Die Theorie des Logizismus
Das Programm des Logizismus, wie es Frege in den Grundlagen darstellt, fußt im Wesentlichen auf seinem Anti-Psychologismus sowie der Überzeugung, dass die Sätze der Arithmetik analytisch sind.
Anti-Psychologismus
Für Frege sind mathematische Objekte gegenständlich, jedoch abstrakt. Er wendet sich gegen die Konzeption, dass sie nur im Denken existieren: „So ist auch die Zahl etwas Objektives. [...] So verstehe ich unter Objektivität eine Unabhängigkeit von unserem Empfinden, Anschauen und Vorstellen [...].“ (§ 26) Dies bedeutet auch, dass in mathematischen Beweisen nicht auf Intuition oder Anschauung zurückgegriffen werden darf. D. h. Frege kann sich nicht damit abfinden, dass „der Mathematiker zufrieden ist, wenn jeder Übergang zu einem neuen Urteile als richtig einleuchtet, ohne nach der Natur dieses Einleuchtens zu fragen, ob es logisch oder anschaulich sei“ (§ 90). Nach Frege muss in einem Beweis jeder Schritt durch eine Schlussregel abgedeckt sein und die zulässigen Regeln müssen im Vorhinein spezifiziert werden, eine Forderung, die sich in letzter Konsequenz nur in einem formalen System wie Freges Begriffsschrift umsetzen lässt: „Die Forderung ist also unabweisbar, alle Sprünge in der Schlussfolgerung zu vermeiden. [...] Um diese Übelstände zu vermeiden, habe ich meine ‚Begriffsschrift‘ erdacht“. (§ 91)

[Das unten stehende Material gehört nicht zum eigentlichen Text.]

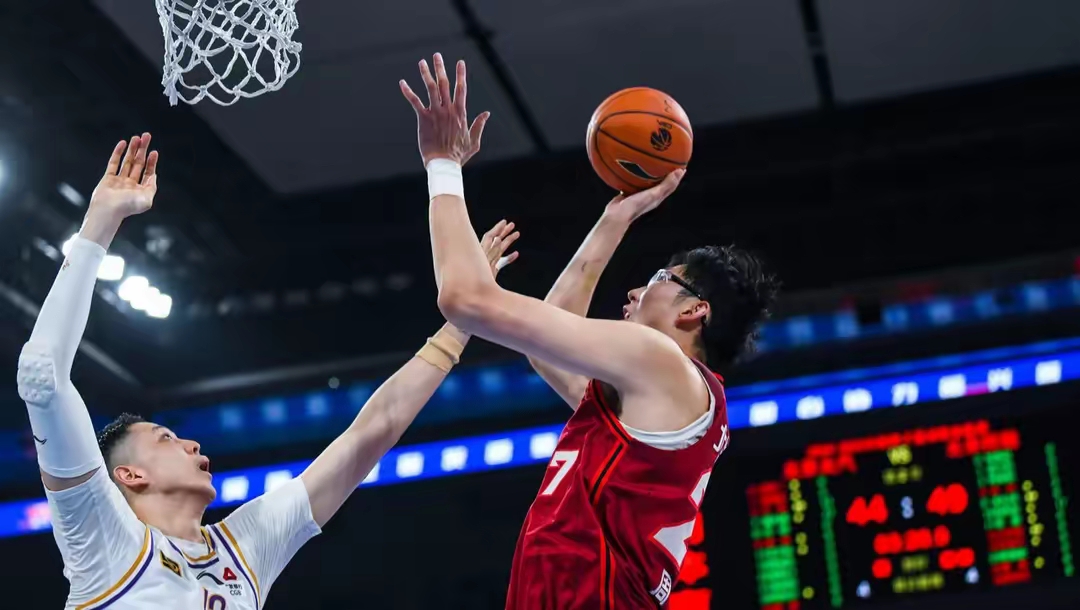 开云网站广厦男篮发布备战花絮，国际比赛日遗憾出局，欧超杯任务艰巨，身体对抗强度拉满的简单介绍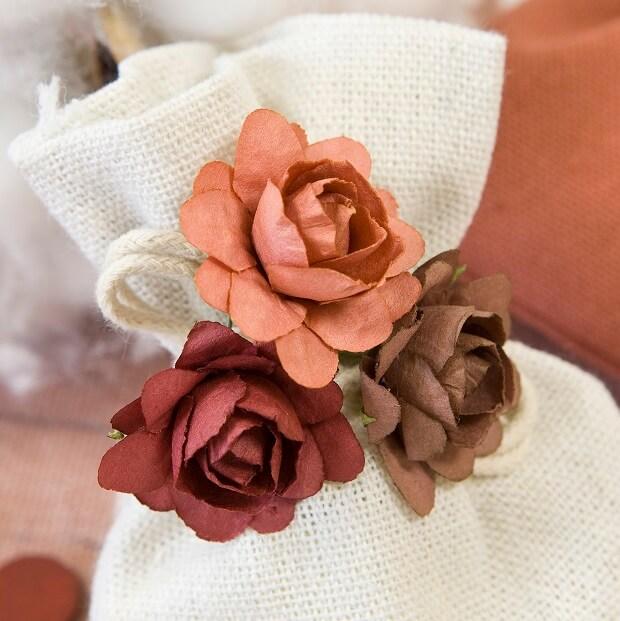 Créez des fleurs en papier et en tissu pour un enterrement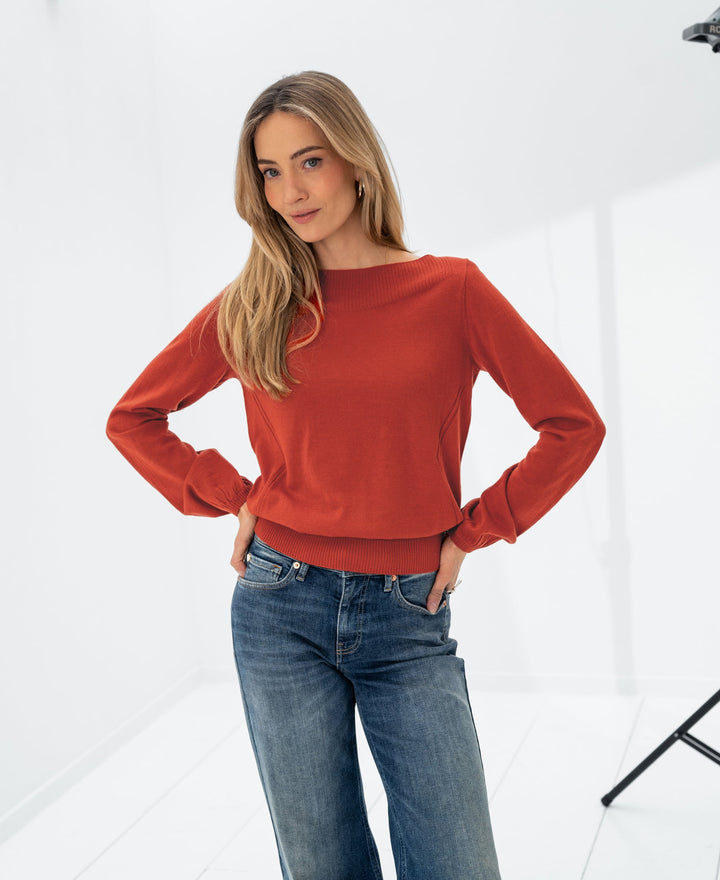 LA MUSE Cayenne U-Boot-Ausschnitt Pullover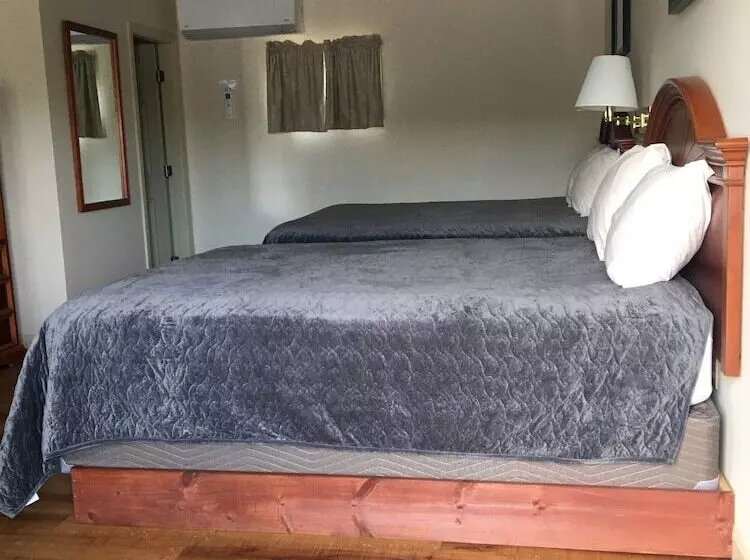 デラックスルーム, The Towne Motel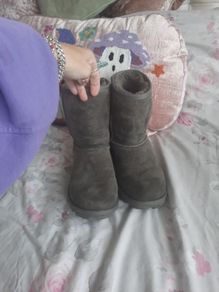 Grey ugg boots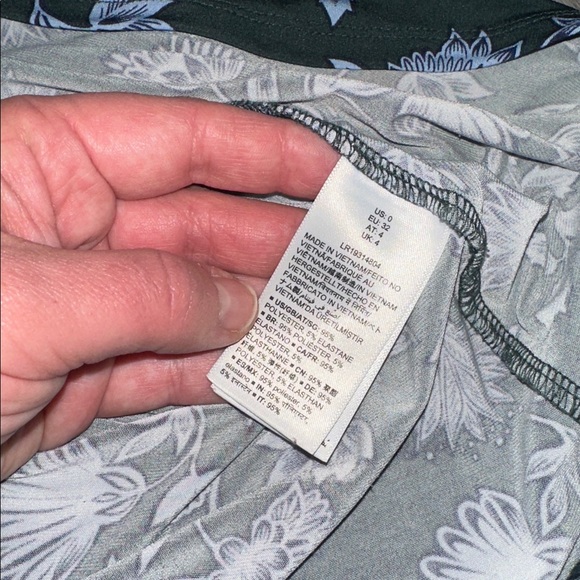 Lark & Ro Navy Dress with light blue Floral Design size 0 - Picture 5 of 9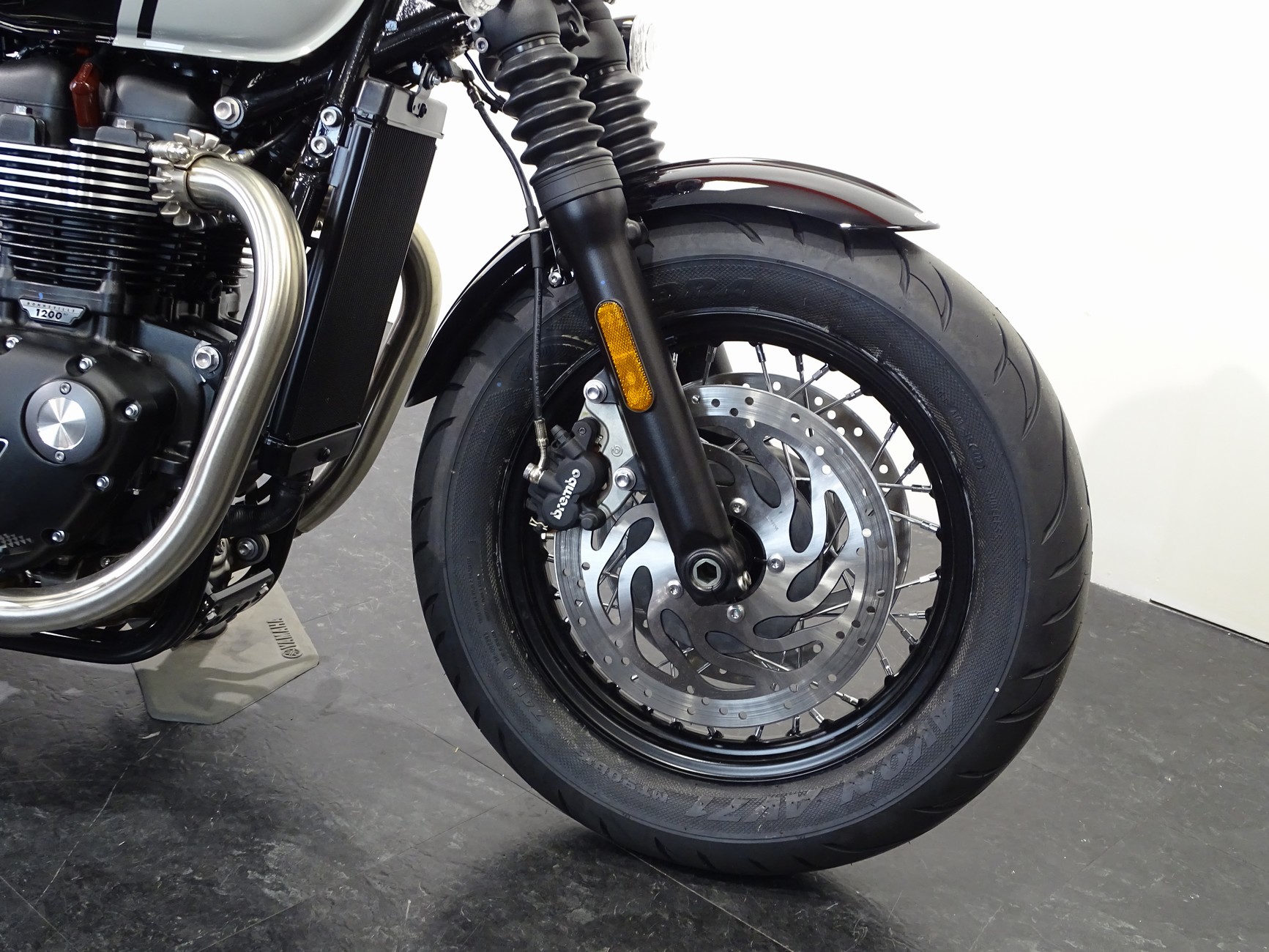 TRIUMPH BONNEVILLE BOBBER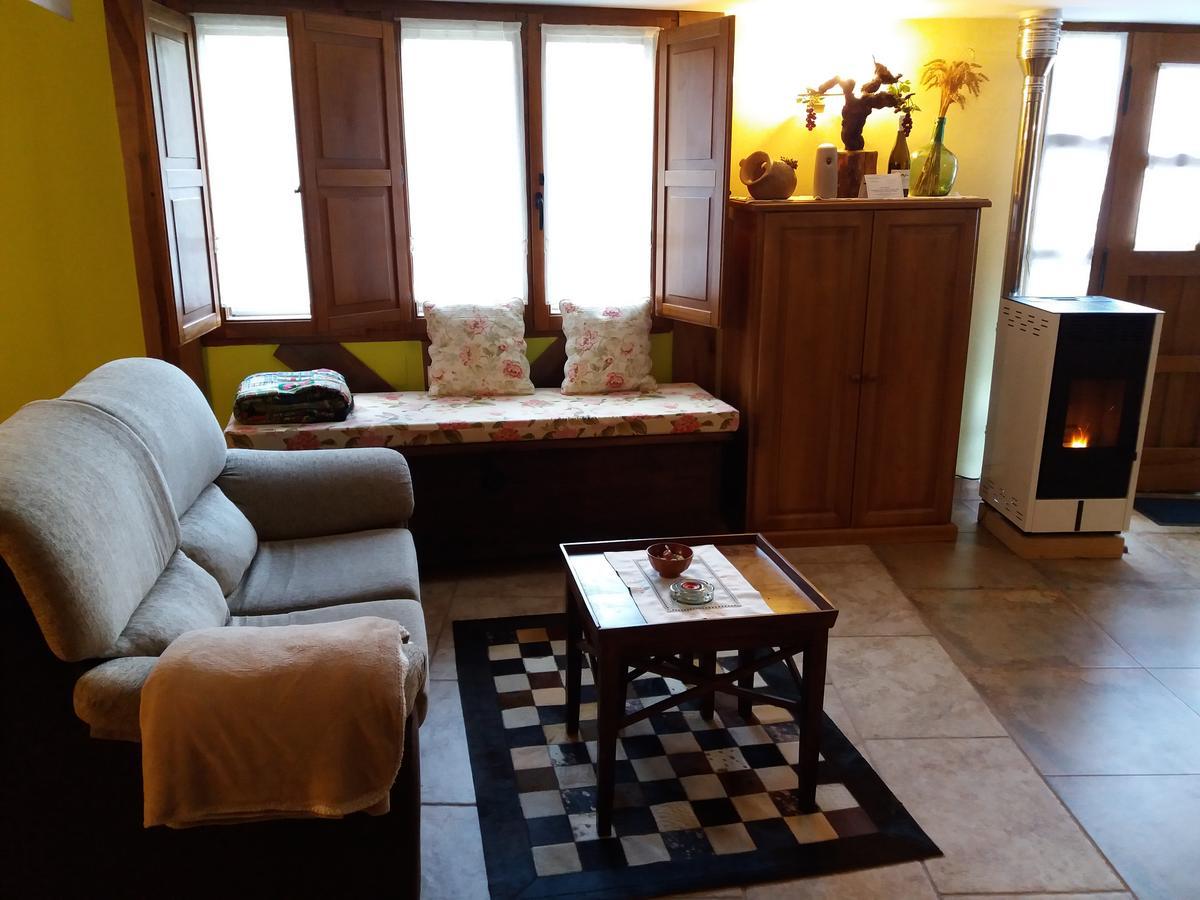 Apartamentos La Condesa Valmeo المظهر الخارجي الصورة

Analytizität der Arithmetik
Frege tritt der Auffassung Kants entgegen, dass die Theoreme der Arithmetik synthetische Urteile a priori darstellen, also Sätze, die keine rein begrifflichen und dennoch erfahrungsunabhängige Wahrheiten sind. (Er akzeptiert aber diese Einschätzung im Falle der Geometrie: „Indem [Kant] die geometrischen Wahrheiten synthetisch und a priori nannte, hat er ihr wahres Wesen enthüllt“ (§ 89)).
Noch ferner als die Ansicht Kants liegt ihm die John Stuart Mills, der die Sätze der Arithmetik für a posteriori, also von der Erfahrung abhängig, hält (vgl. § 7).
Frege glaubt dagegen, dass die Arithmetik analytisch ist, d. h., dass es möglich ist, ihre Sätze rein auf logische Wahrheiten zurückführen. „Es kommt nun darauf an, den Beweis zu finden und ihn bis auf die Urwahrheiten zurückzuverfolgen. Stößt man auf diesem Wege nur auf die allgemeinen logischen Gesetze und auf Definitionen, so hat man eine analytische Wahrheit“ (§ 3). Seine Auffassung gründet sich vor allem auf die Tatsache, dass es ihm gelungen ist, die Schlussregel der vollständigen Induktion, welche allein in der Mathematik gebraucht wird und daher nicht-logischen Charakter zu haben scheint, auf eine Definition zurückzuführen: „Und dadurch gelang es, die Schlussweise von n auf (n+1), welche gewöhnlich für eine eigentümlich mathematische gehalten wird, als auf den allgemeinen logischen Schlussweisen beruhend nachzuweisen.“ (§ 108) Diese Definition, die übrigens als eine der herausragenden Leistungen des Mathematikers Frege angesehen werden muss, hatte er schon in der Begriffsschrift formuliert, in den „Grundlagen“ findet sie sich in § 79.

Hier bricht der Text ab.